2. The Method of claim 1 whereby the similarity measures are the average cosine similarity of the input document with all seed documents ("AS"); the similarity of the input document with the seed document closest to the given document in the reduced dimensional space ("BS"); and the average metadata similarity of the document with any document in the seed set ("MS").
3. A computer-implemented method for processing a collection of data objects for use in information retrieval and data mining operations comprising the steps of: a) generating a term document matrix to identify the occurrences of a number of unique terms within a collection of data objects; b) local and global weighting functions are applied to the matrix; c) a singular value decomposition is performed on the matrix to determine patterns and relationships between the terms and concepts contained in the data objects, thereby creating frequency vectors for term-concept, singular values and concept-document; d) reduction of the matrix to a predetermined number of rows, which is an amount less than the total number of terms; e) application of more than one similarity measure to the result, with the amount of measures, the content of the measures and the weighting of each measure, determined and adjustable by the user.
Description:
CROSS-REFERENCE TO RELATED APPLICATIONS
[0001] Provisional Patent--62/135,454 Filed--Mar. 19, 2015
[0002] The benefit of U.S. Provisional Patent Application No. 62/135,454 (filed Mar. 19, 2015) is claimed, and that provisional application is hereby incorporated by reference.

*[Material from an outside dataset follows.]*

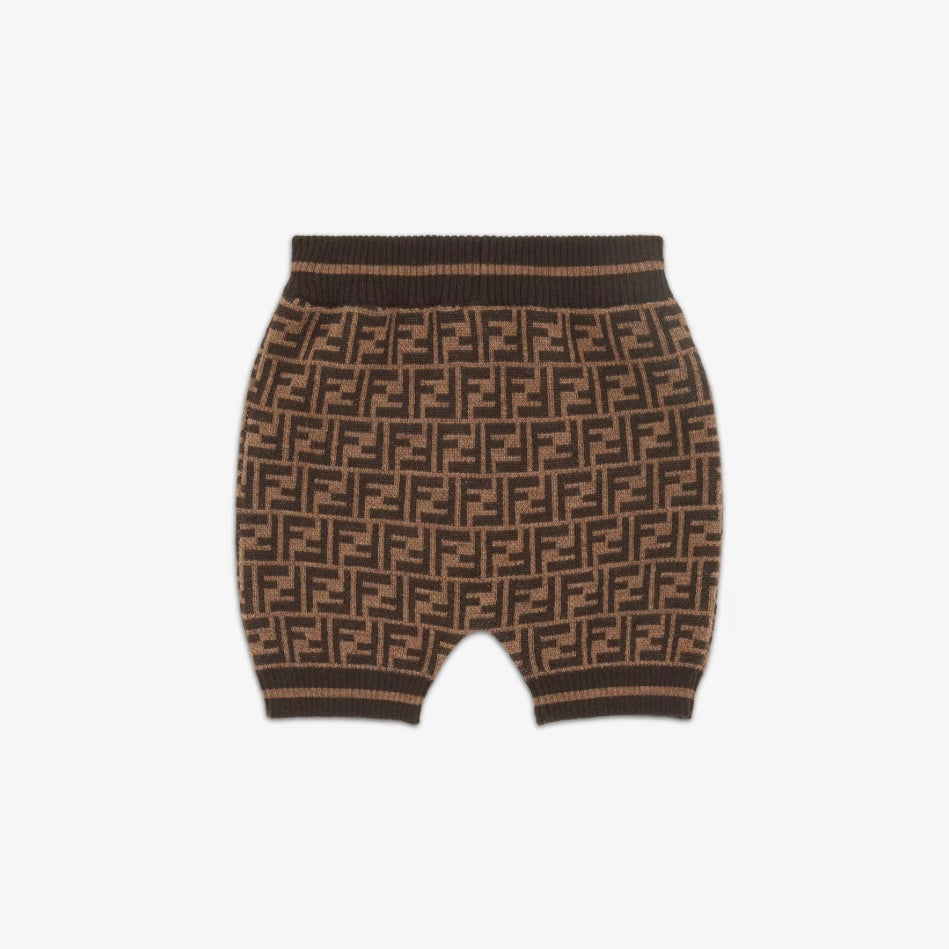 BABY FF ALLOVER KNITTED SHORTS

STATEMENT REGARDING FEDERAL SPONSORED RESEARCH OR DEV.
[0003] Not applicable.
FIELD OF THE DISCLOSURE
[0004] The present disclosure relates to systems and methods for examining computer readable documents and files and extracting information from same for further analysis and determination using a defined system and/or method.
BACKGROUND OF THE INVENTION
[0005] There are several approaches to information retrieval from computer readable documents and files. The most basic method of searching and analyzing these documents was either by keyword/Boolean searching or manual review. However, there are inherent limitations in both, but most notably with manual review is the time and the cost associated with this review. As for Boolean searching it fails to capture the semantic meaning of the documents it seeks to find, as well as the conceptual insight of the document collection to be searched. Information retrieval using Boolean search is particularly difficult because the user can not precisely know what to search for due to a lack of understanding of what knowledge can be retrieved.

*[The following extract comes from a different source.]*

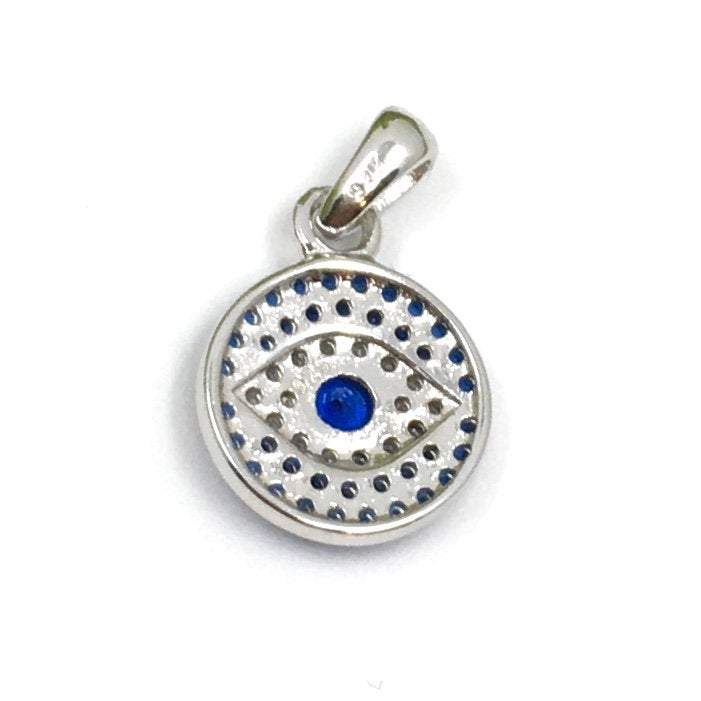 Sterling silver Round Evil Eye | Bellaire Wholesale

[0006] More modern approaches include vector-space method, conceptual search, taxonomy, machine learning and statistical inference. A mathematical approach to concept retrieval is latent semantic indexing (LSI) aka latent semantic analysis.

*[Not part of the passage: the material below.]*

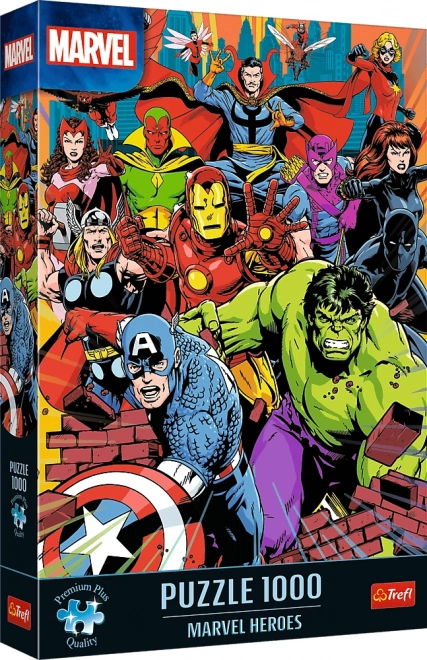 TREFL Puzzle Premium Plus Marvel : Héros de Marvel 1000 pièces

[0007] LSI is a method of indexing and retrieving documents that uses a mathematical technique called singular value decomposition (SVD). SVD identifies patterns in the relationships between the terms and concepts contained in unstructured text collections. The fundamental logic of LSI is that words that are used in the same contexts tend to have similar (not exact) meanings. One of the key benefits of LSI is its ability to extract the conceptual content of a body of text by establishing associations between those terms that occur in similar contexts using queries. Queries, or concept searches, run against a set of documents that have undergone LSI indexing, will return results that are conceptually similar in meaning to the search criteria even if the results don't share a specific word or words with the search criteria. In this regard, it is far stronger than keyword matching.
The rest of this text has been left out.